Colonisation is the process of subjugating the indigenous sources of knowledge, institutions and cultures. In the case of European-cum-British colonisation, it involved undermining and destroying Indic sources of knowledge, ideas and institutions and replacing them with European ones.

Colonisation operates surreptitiously, it enslaves the mind of other people where the white man conquers another country and deliberately sends the message to the neurological system of the brain through overt and covert actions to show the people classified as the ‘other’ that what they called ‘civilisation’ was but an illusion, says Steven Pinker

The process is a psychological phenomenon that was explained brilliantly by Steven Pinker in his book The Blank Slate-The Modern Denial of Human Nature. Dr Pinker argues that colonisation operates surreptitiously, it enslaves the mind of other peoples where the white man conquers another country and deliberately sends the message to the neurological system of the brain through overt and covert actions to show the people classified as the ‘other’ that what they called ‘civilisation’ was but an illusion.
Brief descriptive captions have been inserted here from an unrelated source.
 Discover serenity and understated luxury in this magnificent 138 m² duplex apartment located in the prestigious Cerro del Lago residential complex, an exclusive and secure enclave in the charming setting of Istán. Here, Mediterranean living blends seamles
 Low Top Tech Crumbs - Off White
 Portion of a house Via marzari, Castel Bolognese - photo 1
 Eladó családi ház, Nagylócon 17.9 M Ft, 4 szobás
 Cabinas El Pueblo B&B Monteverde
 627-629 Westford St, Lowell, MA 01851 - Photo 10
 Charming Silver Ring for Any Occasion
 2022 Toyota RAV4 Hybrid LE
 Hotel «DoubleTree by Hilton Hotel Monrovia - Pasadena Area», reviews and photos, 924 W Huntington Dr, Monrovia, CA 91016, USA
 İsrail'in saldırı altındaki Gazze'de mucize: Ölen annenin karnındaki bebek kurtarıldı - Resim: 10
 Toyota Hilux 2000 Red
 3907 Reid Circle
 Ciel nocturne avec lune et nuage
Mental colonisation involves various facets – it begins with an individual becoming sceptical of one’s own indigenous history, science, philosophy etc. The next thing that happens is the acceptance of the colonial narrative that the colonisation is for their own benefit and that white man has come to liberate them. The last stage involves totally supplanting the native psyche and replacing it with the colonial psyche. This was evident from the assertion by Thomas Babington Macaulay that the civil service would be the bulwark of British rule in India against rising Indian nationalism.

Decolonisation

It is the process of removing the remnants of colonisation from the indigenous psyche. This has been brilliantly captured in advocate J Sai Deepak’s book India, That is Bharat-Coloniality, Civilization and Constitution. Decolonisation has a number of processes – removing the belief from the native mind that the foreign civilisation, in India’s case, the British civilisation is infallible. Secondly, regaining the belief in the greatness of a country’s past achievements, history, philosophy and knowledge system, thirdly, undertaking an intellectual counterattack against the colonial narrative that deliberately berates one’s native culture, beliefs, ideas and institutions.

Decolonisation of the mind isn’t easy; it is a slow process with only incremental changes. As far as the Indian mind is concerned, the first step was the uprooting of British rule and establishing our country’s most important social contract – The Constitution of India

Decolonisation of the mind isn’t easy; it is a slow process with only incremental changes. As far as the Indian mind is concerned, the first step was the uprooting of British rule and establishing our country’s most important social contract – The Constitution of India.

Today, we are standing on the cusp of history.

India’s G20 presidency is a true reminder of the fact that the process of decolonisation has started and is gaining strong momentum. In that context, India’s correspondence with other countries where the Prime Minister and President are referred to as the heads of government and state, respectively, with the name of our country being Bharat is a sight to behold.

It is a moment of reckoning that India will no longer remain a mute spectator when it comes to her painful past, decolonisation is the need of the hour and shall continue till we haven’t fully decolonised our psyche and have elevated Bharat to the position of the global Vishwaguru who leads the world to spiritual greatness.